La situation reste donc marquée par un endettement devenu difficilement maîtrisable, une dépendance toujours plus forte aux emprunts pour couvrir des dépenses courantes qui devraient normalement être financées par les recettes internes, des hypothèses fiscales manifestement surestimées qui fragilisent la crédibilité du cadrage budgétaire, une faible territorialisation des investissements qui accentue les déséquilibres entre les régions, et un recours excessif aux ressources de trésorerie, signe évident d’une tension financière persistante au sein de l’État.
Attention à l’instrumentalisation politique des chiffres
Le CECAR met en garde contre toute tentative de transformer le rebasing en outil de communication politique visant à :
• minimiser la gravité de la situation financière réelle,
• présenter artificiellement un redressement budgétaire inexistant,
• entretenir une illusion de performance alors que les finances publiques restent sous respiration assistée par l’endettement.
Nous rappelons que lors du rebasing de 2014, certains acteurs avaient accusé le gouvernement d’alors d’avoir « changé les bases de calcul ».
Aujourd’hui, le risque est inverse : utiliser le rebasing comme bouclier politique pour masquer des indicateurs détériorés.
Le rebasing n’est ni un succès économique, ni un outil d’amélioration de la gouvernance.
C’est simplement une mise à jour technique.
Transparence, rigueur et vérité des chiffres
Le CECAR appelle à une présentation pédagogique et honnête des effets du rebasing, afin que les citoyens puissent comprendre ce qu’il change réellement, et surtout ce qu’il ne change pas. Il est essentiel de distinguer clairement ce qui relève d’une simple amélioration statistique de ce qui constitue une véritable amélioration de l’économie réelle. Le débat national doit se concentrer sur l’essentiel : la soutenabilité de la dette, la qualité de la dépense publique, la relance de la production nationale, la création d’emplois durables et l’exigence de transparence ainsi que la réforme de la gouvernance.
Le rebasing ne doit en aucun cas devenir un outil destiné à maquiller une situation économique profondément dégradée. Les chiffres de la LFI 2026 montrent une économie sous tension, dépendante de l’endettement et reposant sur des hypothèses largement optimistes.
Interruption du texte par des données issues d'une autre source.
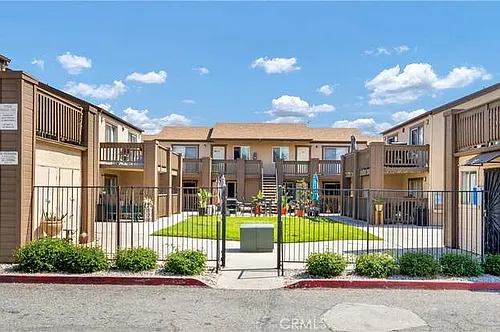 16405 Valencia Ave #200 Photo 1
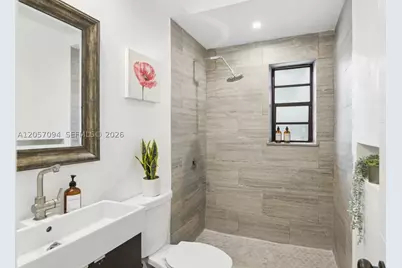 585 NE 121st, North Miami, FL 33161 - Photo 25
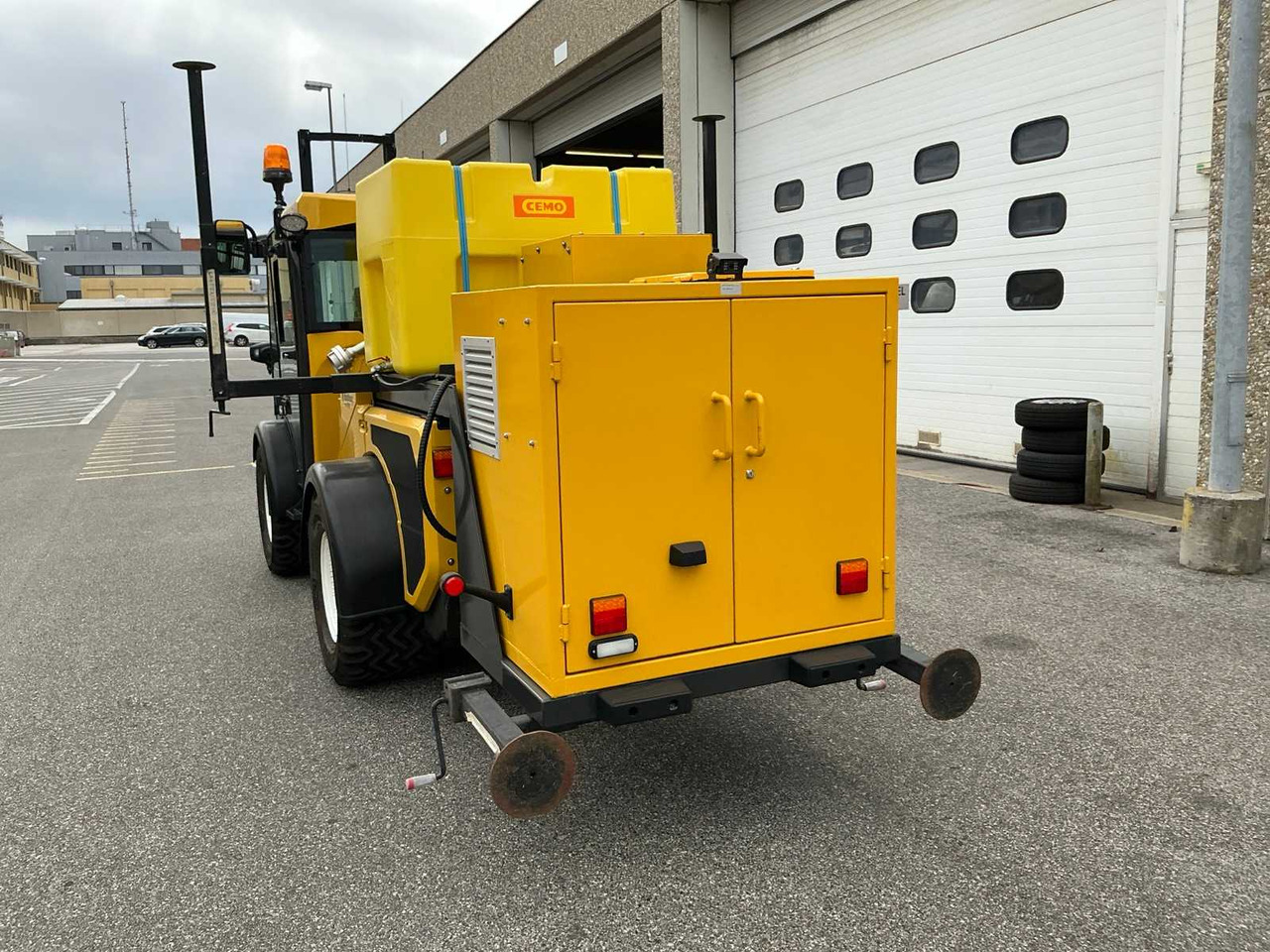 Multihog Zugmaschine - Municipal tractor: picture 4 Multihog Zugmaschine - Municipal tractor: picture 4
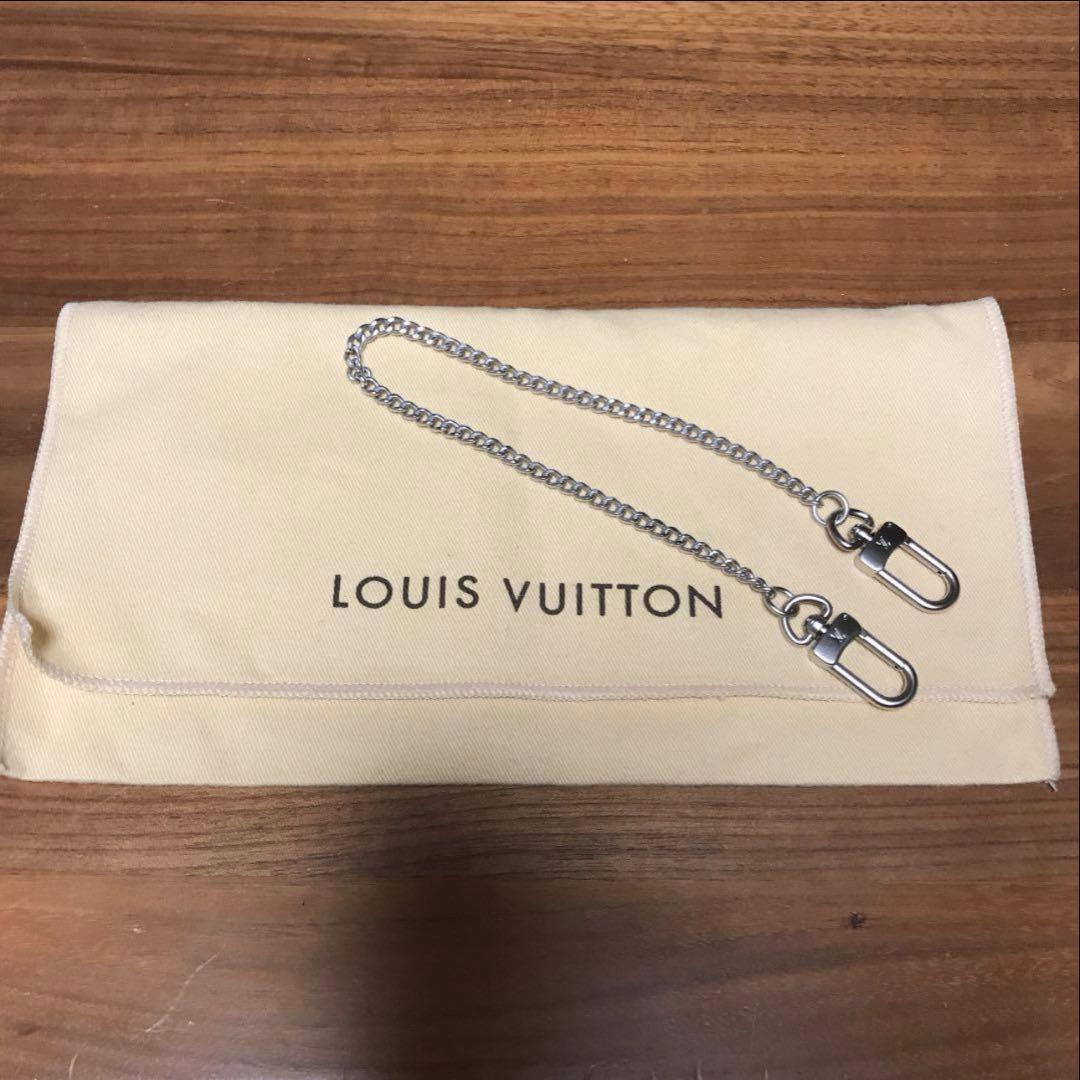 LOUIS VUITTON ウォレットチェーン
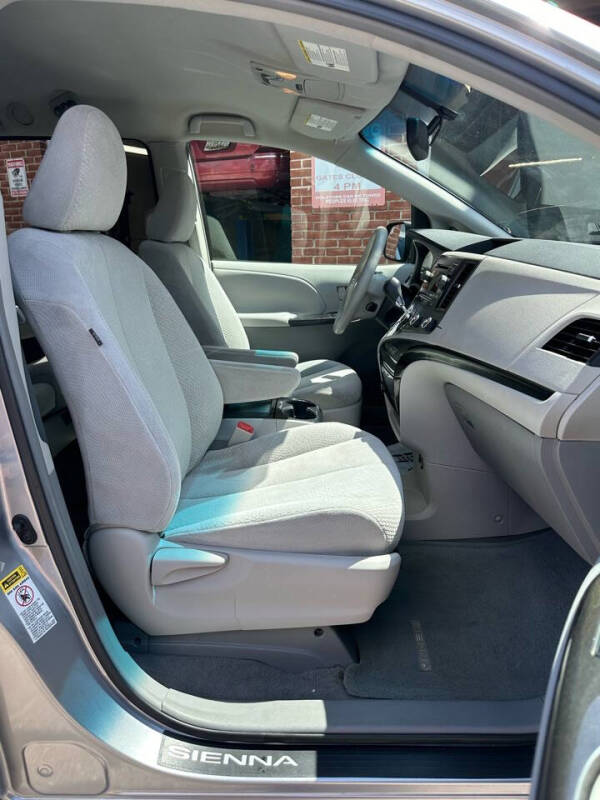 2011 Toyota Sienna LE 8-Passenger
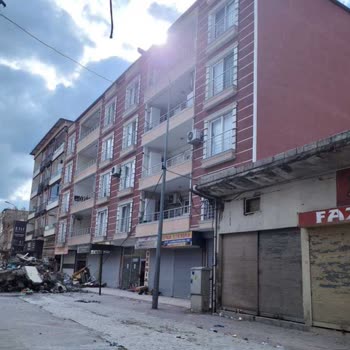 Çevre, Şehircilik Ve İklim Değişikliği Bakanlığı Ağır Hasarlı Bina Çok Tehlikeli Ve Halen Yıkılmıyor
Plus que jamais, le Sénégal a besoin de réformes structurelles sérieuses, d’une stratégie de production claire et d’une gestion rigoureuse et transparente des finances publiques.
Le Cercle des Cadres de la République des Valeurs réaffirme sa détermination à éclairer l’opinion avec des analyses précises, responsables et fidèles à la vérité.